At a time when walking meetings, standing desks, and office squash leagues are all ‘cool’ things for businesses to do for their staff’s physical well-being, it’s easy to overlook mental health as an equally important consideration.

Unfortunately, mental health still has an air of taboo around it which employers need to address if they’re to attract and retain happy and healthy employees. However, with 42% of employees considering resigning from workplace stress, and 30% of staff feeling unable to talk openly with their superiors about being stressed at work, it’s clear that failing to provide enough support can be costly for companies.

So what can employers and managers do to ensure their workplace is mentally healthy?

Take stock of your current mental health provisions

The first thing to check is what you’re doing at the moment to support the mental wellbeing of your employees. Review your culture, practices, and procedures by asking questions like:

  •      Is mental health a topic that your staff feel they could discuss with you or with colleagues?
  •      Is there a normal way for employees to raise issues they might be having?
  •      Do you know of any employees with a mental health problem and are they receiving sufficient support?
  •      Is mental health supported as a key workplace commitment by the top management of the organisation?
  •      Is your company an enjoyable, open, and comfortable place to work?

Talk to your staff

Once you’ve got an idea of what you’re doing well and what needs work, the next step is to judge its effectiveness. Have open conversations with all your staff – if they need to be anonymous, that’s fine to start with as you collect information.
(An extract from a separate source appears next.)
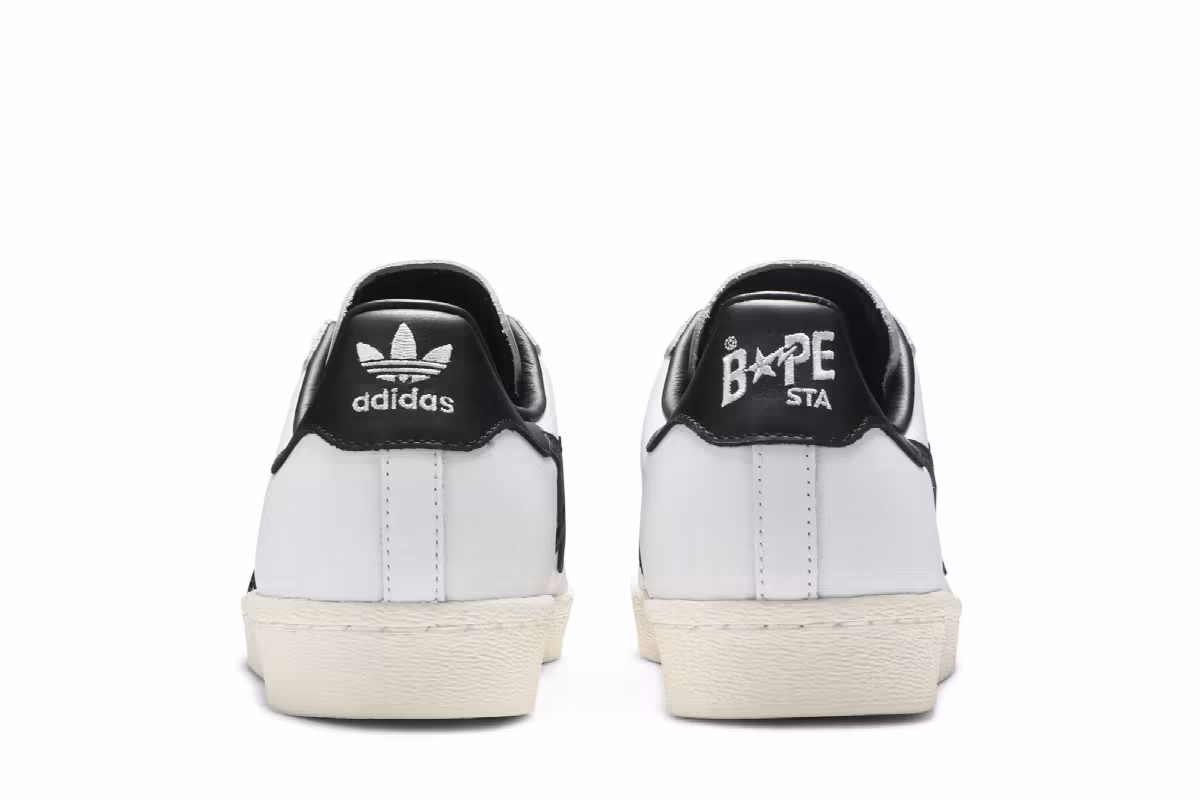 BAPE x adidas Superstar White Black, view 7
Find out what they think of the workplace culture, how well they’re supported, and what’s a real source of stress or anxiety.

As conversations continue, actively work to make mental health an everyday topic of conversation. Your employees should feel as comfortable discussing mental health as they would be with any other aspect of their lives, from their pets and hobbies to their career aspirations.

Aim to minimise stress

The sooner you commit to improving mental health provision, the better—such initiatives have been shown, through reduced absences and increased productivity, to offer savings of over eight times their initial investment.

Many improvements don’t even require financial investment, as simple thought and effort can go a long way. Evaluating each staff member’s role is often a good starting point. Employees are likely to enjoy a better experience if they have clarity on their responsibilities and expectations, a manageable workload, sufficient responsibility to promote personal growth, and recognition for their achievements.

Put a support system in place

As well as making improvements to your office culture aimed at reducing stress and preventing issues, you should have clear processes in place for how to identify, monitor, and adjust to mental health problems your employees might have or develop. There are many ways problems can be identified, from one to one discussions with employees on their mental health, to group health check-ups and wellness surveys.

When discussing someone’s mental health, there are no set rules; it’s like any conversation. However, you can make sure staff feel comfortable by choosing a quiet and neutral location, listening well, maintaining confidentiality, knowing the procedures, and encouraging or helping them to seek support.

For dealing with mental health problems, your company should have clear systems in place. Know how absences are handled with HR, agree a frequency of contact for those off work, and have policies for adopting phased returns and workplace adjustments if needed.

Keep checking!

While making sure you have a healthy workplace may seem daunting, remember that every small improvement will help. As you implement changes, keep staff informed of them and constantly seek feedback on how new processes are working.

Encourage mental health as a topic of conversation as much as you can in all contexts; the more you can normalise it, the more comfortable staff will be in raising any issues. Don’t assume that your employees are fine because no one has yet spoken up. More than one in seven employees has mental health problems in the workplace, so don’t let issues lie silently. If you keep the conversation going, you’ll see improvements in no time.